During the many years in which I’ve grown herbs I’ve had a variety of gardens, from large acreage to a courtyard.  Today I have a very small area of garden around the house under cultivation and this gives me just enough room to grow the dozen herbs I consider essential for my kitchen.  This include the Top Ten mentioned in my book – parsley, sage, rosemary, thyme, oregano, basil, dill, mint, coriander (cilantro) and chives – plus fennel and so-called Vietnamese mint.  Where I live, fennel is a substitute for dill in the hot season, while Vietnamese mint is a suitable taste substitute for coriander.  I also, some years, grow chervil as a cool season extra.

While some of my larger or mat-forming herbs (fennel, oregano) are grown in-ground most are kept in pots.  This enables me to move them around as necessary to take advantage (depending on time of year) of sun or shade.  These days I grow from seed rather than from cuttings, using mostly commercial seed because it is easy and has good, reliable variability.  Harvesting and storing your own seed is quite hard work and the viability rate is a lot lower – I’ve been there and done that and now I have other interests that consume my time so my herb-growing can’t be allowed to take up more than, say, one hour a week.  Yup, that’s all it takes me nowadays to keep my kitchen well-supplied and help out a few friends as well.

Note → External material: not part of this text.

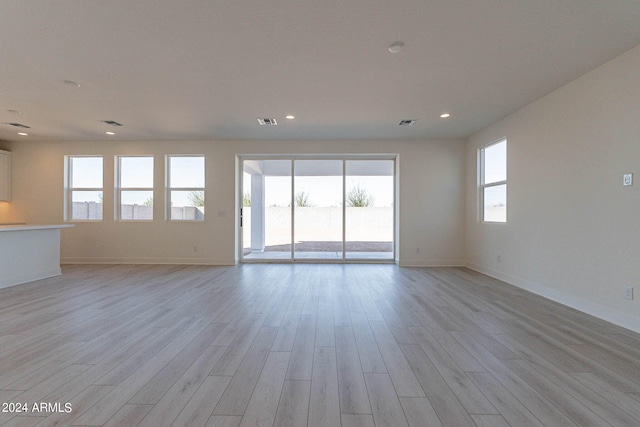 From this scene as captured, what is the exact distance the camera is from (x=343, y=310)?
332 cm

I do think that one of the handy things about learning to be a good herb-grower is that it IS one of those hobbies that can make a profit.  It’s not difficult at all to expand your own growing program to produce pots and fresh herbs for sale.  And from that small step it’s possible to build up that program to a small backyard business that won’t make a fortune but WILL bring in some extra income for relatively little effort after the setting-up process.  That’s why I wrote Grow Herbs – Make Money, to show how this could be done.  It’s not for everyone, but for those looking for some extra money growing herbs is not a bad way of getting it.

I love my herbs!  Indeed, they have been one of the enduring loves of my life and have never let me down.  If I lived in a tiny flat with a window box I’d still grow a small selection of them.  The smell, the feel and the taste of them enchants my daily life – if you’ve never tried growing them yourself, please give it a go.  You’ll find herb-growing good therapy as well as good fun!